Most people assume they need a big social media following, a fancy website, or money to invest in paid marketing before they can land good clients. So they spend a month agonizing over brand colors and a weekend building a 57-page business plan nobody asked for.
It feels productive. It might even look productive. But it’s really just a sophisticated way of avoiding the few things that will actually move the needle for your business.
Most people are surprised to hear that you don’t actually need any of those things to get started. What you do need is just a clear message, a willingness to reach out to people, and the commitment to serve the first few who say yes so well that they can’t help but talk about you.
So, let me break down exactly how I’d go about landing my first clients if I were starting from scratch today.
1. Nail your one-liner
Before you reach out to a single person, write a really good one-liner that concisely communicates who exactly you serve, the problem you solve for them, and the positive outcome clients can expect when they work with you.
Slow way down here. I know the instinct is to rush past it and get to the “real” work, but this line is the real work. It’s the foundation of everything else I’m going to recommend you do.
Every email, every intro, every conversation gets easier once this is nailed down.
A vague “I do marketing” or “I’m a fractional CFO” gets a vague shrug. People nod politely, and then they forget you the moment you walk away. A sharp, specific one-liner does the opposite. It makes it instantly obvious who someone should send your way. It sticks in people’s minds, and when they bump into the right person a week or a month later, your name comes back up. In other words, a good one-liner basically does the referring for you.
The magic is in the specifics. “I help people with their finances” is forgettable. “I help SaaS founders who just raised a Series A finally get clean books and a forecast they can trust” is something a listener can act on.
Here’s the litmus test: If a stranger can hear your line and immediately think of a specific person who needs you, you’ve got it right.
If you want some help crafting yours, I recommend watching this short video from Donald Miller (author of Building a Storybrand), which walks through a one-liner exercise along with some great examples:
Once you’ve got a draft, don’t just leave it in a doc somewhere. Write it down on a piece of paper and keep it in your wallet. Pull it out, read it, and practice it out loud until it rolls off your tongue.
Then test it on real people. Say it to the person next to you in the grocery line: “Hey, I’m working on a one-liner about my business—mind if I try it on you and tell me if it’s clear what I do?” Most people are happy to help. If their eyes light up with “oh, so you do X,” you’re there. If they hesitate or ask a clarifying question, you’ve found the fuzzy part.
Try it on family and friends too, especially the ones who don’t really know what your business does. And keep refining it—a great one-liner usually isn’t the first draft. It’s shaped and honed by every blank stare and every “oh, that’s cool” you collect along the way.
2. Work your network
Once you have your one-liner, it’s time to put it to work. And that starts with the people you already know.
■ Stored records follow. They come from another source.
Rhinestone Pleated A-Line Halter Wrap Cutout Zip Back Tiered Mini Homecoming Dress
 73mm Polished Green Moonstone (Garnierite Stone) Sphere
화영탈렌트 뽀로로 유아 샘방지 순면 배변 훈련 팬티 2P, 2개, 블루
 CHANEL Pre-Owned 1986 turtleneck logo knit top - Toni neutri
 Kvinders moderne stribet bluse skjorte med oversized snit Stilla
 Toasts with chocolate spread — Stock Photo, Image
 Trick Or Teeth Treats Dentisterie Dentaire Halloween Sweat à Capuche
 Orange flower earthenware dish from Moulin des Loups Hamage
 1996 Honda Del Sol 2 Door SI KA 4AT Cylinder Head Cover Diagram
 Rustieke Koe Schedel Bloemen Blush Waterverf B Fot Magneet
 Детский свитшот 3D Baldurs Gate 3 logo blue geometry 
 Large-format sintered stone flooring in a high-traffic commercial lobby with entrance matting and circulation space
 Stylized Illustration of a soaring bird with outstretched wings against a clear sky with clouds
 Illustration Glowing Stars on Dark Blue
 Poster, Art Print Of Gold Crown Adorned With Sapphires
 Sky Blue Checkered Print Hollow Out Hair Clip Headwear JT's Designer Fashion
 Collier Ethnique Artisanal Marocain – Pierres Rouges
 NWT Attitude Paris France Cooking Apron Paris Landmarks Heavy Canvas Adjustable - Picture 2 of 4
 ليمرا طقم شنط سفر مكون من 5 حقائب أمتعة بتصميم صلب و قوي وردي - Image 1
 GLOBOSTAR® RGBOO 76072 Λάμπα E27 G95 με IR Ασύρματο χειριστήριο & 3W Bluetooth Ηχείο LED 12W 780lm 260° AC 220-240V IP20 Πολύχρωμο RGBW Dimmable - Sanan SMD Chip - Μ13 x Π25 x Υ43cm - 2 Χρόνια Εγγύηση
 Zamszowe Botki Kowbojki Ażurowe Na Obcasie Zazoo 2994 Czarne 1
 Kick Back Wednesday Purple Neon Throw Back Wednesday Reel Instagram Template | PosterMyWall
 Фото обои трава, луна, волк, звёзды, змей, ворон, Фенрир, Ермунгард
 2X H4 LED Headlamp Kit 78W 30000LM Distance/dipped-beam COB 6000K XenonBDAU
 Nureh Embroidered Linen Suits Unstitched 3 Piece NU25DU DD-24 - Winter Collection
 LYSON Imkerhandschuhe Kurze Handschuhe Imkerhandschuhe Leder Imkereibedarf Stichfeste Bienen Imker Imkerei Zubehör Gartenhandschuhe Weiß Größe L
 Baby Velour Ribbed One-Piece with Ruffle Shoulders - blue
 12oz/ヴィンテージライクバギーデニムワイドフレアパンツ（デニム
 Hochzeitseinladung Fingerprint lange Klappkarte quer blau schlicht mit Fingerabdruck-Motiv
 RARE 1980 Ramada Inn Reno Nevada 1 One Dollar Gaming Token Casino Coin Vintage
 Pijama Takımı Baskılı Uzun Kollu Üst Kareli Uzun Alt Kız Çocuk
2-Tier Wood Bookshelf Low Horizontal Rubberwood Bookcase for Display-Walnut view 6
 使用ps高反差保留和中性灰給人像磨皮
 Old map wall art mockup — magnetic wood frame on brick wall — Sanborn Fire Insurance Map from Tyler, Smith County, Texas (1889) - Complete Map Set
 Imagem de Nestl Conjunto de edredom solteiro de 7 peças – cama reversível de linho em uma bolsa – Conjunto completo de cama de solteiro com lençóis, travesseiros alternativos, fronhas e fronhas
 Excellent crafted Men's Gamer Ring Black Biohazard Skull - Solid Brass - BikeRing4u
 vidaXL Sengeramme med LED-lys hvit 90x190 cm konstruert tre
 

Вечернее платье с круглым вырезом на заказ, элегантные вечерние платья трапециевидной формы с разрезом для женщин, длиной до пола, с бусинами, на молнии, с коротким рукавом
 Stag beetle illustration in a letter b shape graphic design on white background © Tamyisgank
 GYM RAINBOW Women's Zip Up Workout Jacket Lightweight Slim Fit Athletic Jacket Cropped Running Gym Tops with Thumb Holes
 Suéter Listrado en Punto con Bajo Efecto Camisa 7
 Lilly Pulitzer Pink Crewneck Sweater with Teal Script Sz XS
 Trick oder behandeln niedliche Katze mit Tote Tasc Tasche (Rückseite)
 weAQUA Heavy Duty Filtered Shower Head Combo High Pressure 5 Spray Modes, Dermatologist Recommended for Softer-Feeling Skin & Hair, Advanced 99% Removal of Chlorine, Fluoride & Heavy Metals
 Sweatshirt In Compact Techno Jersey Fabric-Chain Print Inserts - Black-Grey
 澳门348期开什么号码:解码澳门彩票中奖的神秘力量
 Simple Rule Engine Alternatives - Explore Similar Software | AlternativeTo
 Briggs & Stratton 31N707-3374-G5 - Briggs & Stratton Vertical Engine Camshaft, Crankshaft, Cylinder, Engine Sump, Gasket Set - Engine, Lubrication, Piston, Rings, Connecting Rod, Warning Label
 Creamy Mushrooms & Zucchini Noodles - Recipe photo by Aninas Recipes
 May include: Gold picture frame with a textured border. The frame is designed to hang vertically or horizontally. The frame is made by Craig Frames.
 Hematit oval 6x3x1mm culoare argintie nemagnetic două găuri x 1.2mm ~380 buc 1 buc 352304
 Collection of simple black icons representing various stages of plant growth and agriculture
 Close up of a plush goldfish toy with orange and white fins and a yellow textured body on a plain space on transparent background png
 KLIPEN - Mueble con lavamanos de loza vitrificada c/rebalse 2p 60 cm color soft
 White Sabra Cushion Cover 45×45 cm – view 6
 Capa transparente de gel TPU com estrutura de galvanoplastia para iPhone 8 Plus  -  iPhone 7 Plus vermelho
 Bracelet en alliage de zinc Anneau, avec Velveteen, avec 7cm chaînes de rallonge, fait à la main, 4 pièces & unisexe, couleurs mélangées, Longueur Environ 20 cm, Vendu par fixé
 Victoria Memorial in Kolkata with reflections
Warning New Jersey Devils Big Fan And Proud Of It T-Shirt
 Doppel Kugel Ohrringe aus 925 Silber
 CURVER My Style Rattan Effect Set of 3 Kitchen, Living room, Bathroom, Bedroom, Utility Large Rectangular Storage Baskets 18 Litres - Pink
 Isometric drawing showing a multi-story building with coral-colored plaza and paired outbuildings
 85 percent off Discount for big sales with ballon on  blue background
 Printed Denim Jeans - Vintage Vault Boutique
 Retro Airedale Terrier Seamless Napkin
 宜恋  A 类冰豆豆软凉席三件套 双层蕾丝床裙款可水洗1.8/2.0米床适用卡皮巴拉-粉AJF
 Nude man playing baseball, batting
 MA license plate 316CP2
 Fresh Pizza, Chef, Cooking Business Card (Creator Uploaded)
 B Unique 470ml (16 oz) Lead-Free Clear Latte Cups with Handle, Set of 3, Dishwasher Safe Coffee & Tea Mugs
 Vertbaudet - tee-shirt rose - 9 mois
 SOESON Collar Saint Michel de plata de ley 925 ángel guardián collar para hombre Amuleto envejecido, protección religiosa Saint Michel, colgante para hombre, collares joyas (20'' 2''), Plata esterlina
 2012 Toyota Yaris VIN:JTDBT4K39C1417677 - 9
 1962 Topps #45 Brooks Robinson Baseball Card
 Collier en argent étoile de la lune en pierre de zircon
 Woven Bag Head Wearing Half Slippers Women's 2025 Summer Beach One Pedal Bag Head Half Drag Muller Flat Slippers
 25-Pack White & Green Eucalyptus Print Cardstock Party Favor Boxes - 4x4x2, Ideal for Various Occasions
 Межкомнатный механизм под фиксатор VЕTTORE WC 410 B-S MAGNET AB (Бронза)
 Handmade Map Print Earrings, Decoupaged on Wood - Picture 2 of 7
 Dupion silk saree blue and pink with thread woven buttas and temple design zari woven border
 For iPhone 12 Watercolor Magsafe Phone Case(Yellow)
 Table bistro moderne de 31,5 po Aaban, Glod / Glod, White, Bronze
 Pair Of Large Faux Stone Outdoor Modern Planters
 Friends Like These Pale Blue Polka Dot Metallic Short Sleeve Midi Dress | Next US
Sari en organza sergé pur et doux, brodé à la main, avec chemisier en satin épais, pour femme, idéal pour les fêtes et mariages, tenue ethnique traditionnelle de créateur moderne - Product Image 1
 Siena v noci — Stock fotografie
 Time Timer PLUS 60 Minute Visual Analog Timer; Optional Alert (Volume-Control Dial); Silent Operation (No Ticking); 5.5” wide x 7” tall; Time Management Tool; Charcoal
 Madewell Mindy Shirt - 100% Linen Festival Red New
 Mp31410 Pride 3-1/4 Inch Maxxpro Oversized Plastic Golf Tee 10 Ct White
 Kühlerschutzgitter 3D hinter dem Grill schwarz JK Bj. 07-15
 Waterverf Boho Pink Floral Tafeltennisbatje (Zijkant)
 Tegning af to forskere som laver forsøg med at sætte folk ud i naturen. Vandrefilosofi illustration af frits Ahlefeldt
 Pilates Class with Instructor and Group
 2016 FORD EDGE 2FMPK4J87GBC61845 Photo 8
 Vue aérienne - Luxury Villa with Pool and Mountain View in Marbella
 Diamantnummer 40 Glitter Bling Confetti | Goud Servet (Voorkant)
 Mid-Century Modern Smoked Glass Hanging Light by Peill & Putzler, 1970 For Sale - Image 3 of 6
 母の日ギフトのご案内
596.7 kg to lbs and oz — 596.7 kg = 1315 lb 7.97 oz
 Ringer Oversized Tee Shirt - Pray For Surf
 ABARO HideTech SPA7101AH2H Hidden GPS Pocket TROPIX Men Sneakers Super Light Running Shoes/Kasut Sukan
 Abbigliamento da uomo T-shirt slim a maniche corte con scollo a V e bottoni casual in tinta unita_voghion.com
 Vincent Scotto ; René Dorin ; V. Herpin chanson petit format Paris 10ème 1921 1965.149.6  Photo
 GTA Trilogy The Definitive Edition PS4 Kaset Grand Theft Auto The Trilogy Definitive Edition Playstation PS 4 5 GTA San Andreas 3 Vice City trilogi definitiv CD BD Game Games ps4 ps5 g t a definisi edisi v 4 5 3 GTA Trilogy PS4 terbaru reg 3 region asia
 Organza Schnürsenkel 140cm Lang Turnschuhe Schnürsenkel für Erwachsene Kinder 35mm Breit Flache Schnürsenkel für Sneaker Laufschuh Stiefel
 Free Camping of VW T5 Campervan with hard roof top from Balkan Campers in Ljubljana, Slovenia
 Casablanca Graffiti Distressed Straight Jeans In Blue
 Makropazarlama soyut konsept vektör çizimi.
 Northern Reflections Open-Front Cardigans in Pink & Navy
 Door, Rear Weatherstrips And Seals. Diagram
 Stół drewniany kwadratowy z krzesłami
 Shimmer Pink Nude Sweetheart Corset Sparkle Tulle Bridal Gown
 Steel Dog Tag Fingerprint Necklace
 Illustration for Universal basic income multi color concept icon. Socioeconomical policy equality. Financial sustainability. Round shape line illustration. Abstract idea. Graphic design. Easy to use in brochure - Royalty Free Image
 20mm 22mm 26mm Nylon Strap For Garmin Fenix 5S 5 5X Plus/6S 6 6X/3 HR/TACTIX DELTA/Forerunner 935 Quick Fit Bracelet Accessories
First, make the longest list you can of everyone in your world. Because your network always starts with the people you already have a connection with:
Past clients
Colleagues
Friends
Family
Old connections from previous jobs
People you’re connected to online
Just start a running list and keep adding. You’ll quickly realize you know a lot more people than you thought you did.
Now, take that list and give everyone a score from 1 to 5 in two categories:
How likely they are to be somehow connected to your ideal client
How close you are with them, meaning how much they already like you, how strong the relationship is, and how much they’d genuinely want to see you succeed
One is low, five is high. Add up each person’s two scores.
The highest totals are your best connection opportunities. Anyone scoring 8 or above is a strong connection for your business, and those are the ones to reach out to first. From there, work your way down to the people in the 5-to-7 range, and then the lower scores after that.
Start with the lowest-hanging fruit: that top tier, one email, text, or phone call at a time. You’re strengthening relationships and spreading the word at the same time. Tell them what you’re up to, using the one-liner you just wrote:
“Hey! [Insert introductory pleasantries here.] I recently started a business. I help [these people] solve [this problem] so they can [get this result]. Do you know anyone who fits that description who I could connect with?”
Make it simple, clear, and easy for them to act on. And don’t forget to follow up if they don’t respond the first time. People are busy, life is always life-ing, inboxes are crowded. A friendly nudge a week later is appreciated and expected. As they say, the fortune is in the follow-up.
3. Strengthen your LinkedIn presence
LinkedIn is where a brand-new business owner can punch way above their weight. It lets you build visibility and relationships without needing a long track record to lean on yet, which is exactly what you want when you’re just getting going.
It’s also where people will look you up. When someone hears your name, gets introduced to you, or is deciding whether to take a meeting, one of the first things they do is check your LinkedIn—especially if you don’t have a website yet. For a lot of new business owners, your profile is your homepage right now. That means it’s doing double duty: helping new people discover you, and reassuring the ones who already have your name that you’re the real deal.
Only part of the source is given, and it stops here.